2. The learned counsel for the petitioner Mr. Vipin Sanghi submitted that the petitioner is an officer in the Union of Officers and it is because of that the respondent had transferred the petitioner out of Delhi retaining in Delhi the juniors who are also promoted along with him.

3. The learned counsel for the respondent Mr. Harvinder Singh submitted that no doubt juniors are retained in Delhi but all those juniors have served in Delhi and the Northern Region in less number of years than the petitioner. According to the learned counsel for the respondent in the interests of administration taking into account the period of service of the officers, the transfer of the petitioner was ordered.

4. Mr. Vipin Sanghi, the learned counsel for the petitioner referred to the Transfer Policy wherein it is stated ” a need was therefore felt to evolve a transfer policy in VSNI, taking into account the present work, culture, so that the same could be uniformly applied while effecting transfers in various cadres.” According to Mr. Vipin Sanghi, the learned counsel for the petitioner, the Transfer Policy approved by the competent authority. Referring to page 20 in the typed set Mr. Vipin Sanghi, the learned counsel submitted that the transfer policy ” is aimed at bringing about uniformity in decision making career planning of employees, and for meeting the overall objectives of the Organisation and individual employees”.

5. The learned counsel referred to clause 4(b) at page 21 of the typed set where it is stated that “the transfer of an employee should result in an average of 3 transers during the service period, except the transfers made on request.” Mr. Vipin Sanghi the learned counsel also referred to para 5 at page 21 of the typed set that one of the points to be taken into consideration while processing the cases of transfer is an occasion of transfers undergone during the employee’s tenure in service as on date, whether it is own request, interest of service, on promotion/up gradation or with any other reason to be stipulated with details. According to the learned counsel the respondent has not considered this point.

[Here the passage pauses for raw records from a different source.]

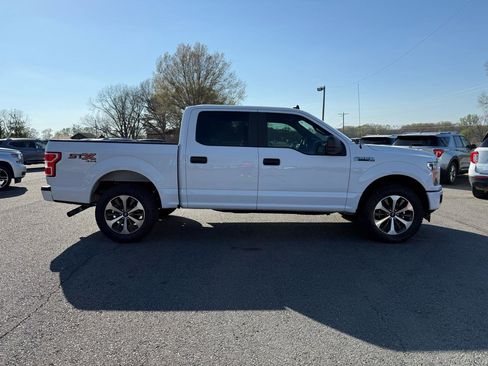 Used 2020 Ford F150 XL w/ Equipment Group 101A Mid AWD/4WD image 8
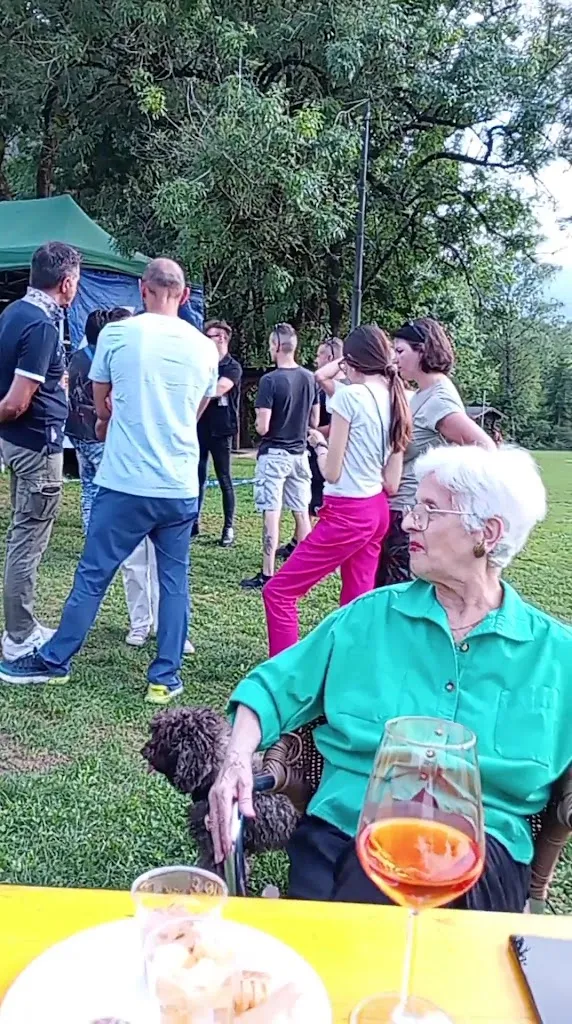 riccardo arman_Parco Res - Ristorante_Fino del Monte_review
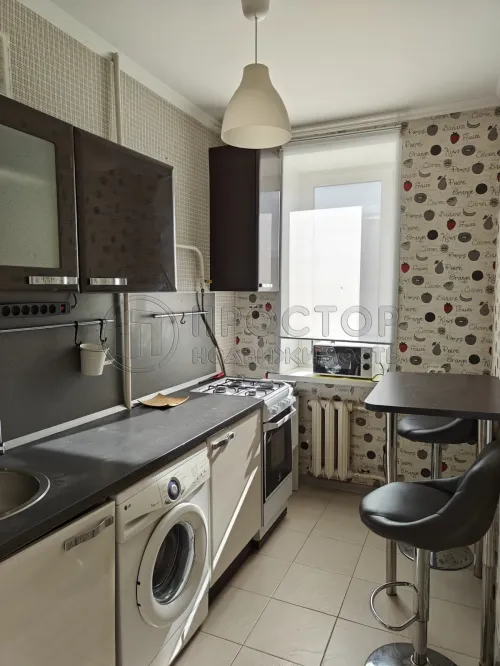 3-комнатная квартира, 50 м² - фото 4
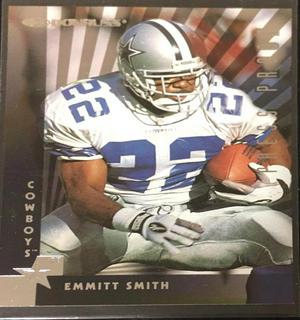 Emmitt Smith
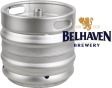 Пиво Belhaven темне Scottish Stout кег 50 л - 1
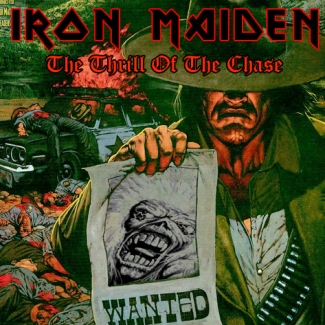 Front Cover Artwork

6. Referring to page 24, the learned counsel referred to “justifications to be given while putting up the transfer cases, whether the organisation’s interest will be affected due to his transfer or his transfer will affect the day-to-day working of the particular system for which he is working/trained at the Region/Union.

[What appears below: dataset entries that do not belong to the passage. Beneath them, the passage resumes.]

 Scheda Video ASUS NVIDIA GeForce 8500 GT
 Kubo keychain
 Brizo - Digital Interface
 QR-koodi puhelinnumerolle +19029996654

7. The learned counsel for the petitioner referred to paras 7(c) and 7(i) which are as under:

7(c) – The employees in the Engineering and other cadres should not have continuous stay in one Region/Union for more than 10 years. However, their transfers would be effected based on requirement in various Regions and need-based.

7(i) If the transfer is unavoidable on promotion or otherwise due to exigencies of service, an employee with longer stay at the station and who had minimum number of transfers will be considered first for such transfers.

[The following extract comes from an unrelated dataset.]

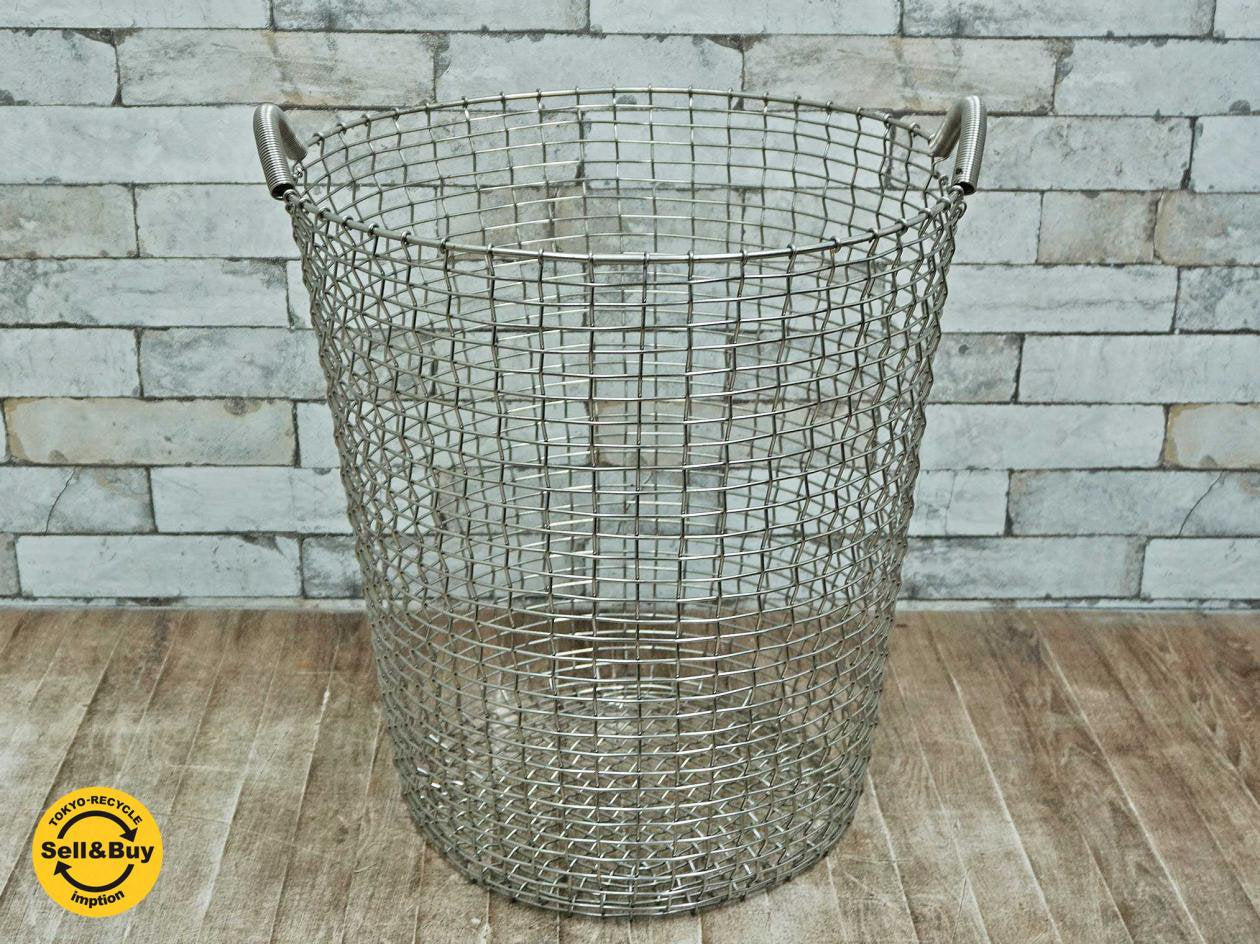コルボ KORBO ワイヤーバスケット 80L カッシーナixc.取扱 a ●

8. The learned counsel for the petitioner also referred to para 8(a) which reads as under:

8 Maximum Transfers:

(a) An employee who has earlier undergone 3 transfers will not be disturbed on account of 10 years rule stated as above. However, he could be transferred on account of promotion if the vacancy does not exist at the same place or if it is tied with the training. For the purpose of arriving at number of transfers an employee has undergone, following shall not be counted:

i) Transfers during training period.

ii) Transfers effected based on employees’ own request.

iii) Transfers related to deputation.

9. Having regard to the facts and circumstances of the case, I am of the view that the petitioner had been transferred by the respondent to Arvi for administrative reasons and he had also worked in the Northern Regions for a long number of years. In Union of India and others Vs. H.N. Kirtania (1989)3 S 445 the Supreme Court had an occasion to consider a similar point and the Supreme Court had observed:

After hearing learned counsel for the parties we do not find any valid justification for the High Court for entertaining a writ petition against the order of transfer made against an employee of the Central Government holding transferable post. Further there was no valid justification for issuing injunction order against the Central Government. The respondent being a Central Government employee held a transferable post and he was liable to be transferred from one place to the other in the country, he has no legal right to insist for his posting at Calcutta or at any other place of his choice. We do not approve of the cavalier manner in which the impugned orders have been issued without considering the correct legal position. Transfer of a public servant made on administrative grounds or in public interest should not be interfered with unless there are strong and pressing grounds rendering the transfer order illegal on the ground of violation of statutory rules or on ground of mala fides. There was no good ground for interfering with the respondent’s transfer.

10. In Shilpi Bose (Mrs.) and others Vs. State of Bihar and others (1991) 2 Supp. S 659 the Supreme Court had observed:

In our opinion, the courts should not interfere with a transfer order which is made in public interest and for administrative reasons unless the transfer orders are made in violation of any mandatory statutory rule or on the ground of mala fide. A government servant holding a transferable post has no vested right to remain posted at one place or the other, he is liable to be transferred from one place to the other. Transfer orders issued by the competent authority do not violate any of his legal rights. Even if a transfer order is passed in violation of executive instructions or orders, the courts ordinarily should not interfere with the order instead affected party should approach the higher authorities in the department.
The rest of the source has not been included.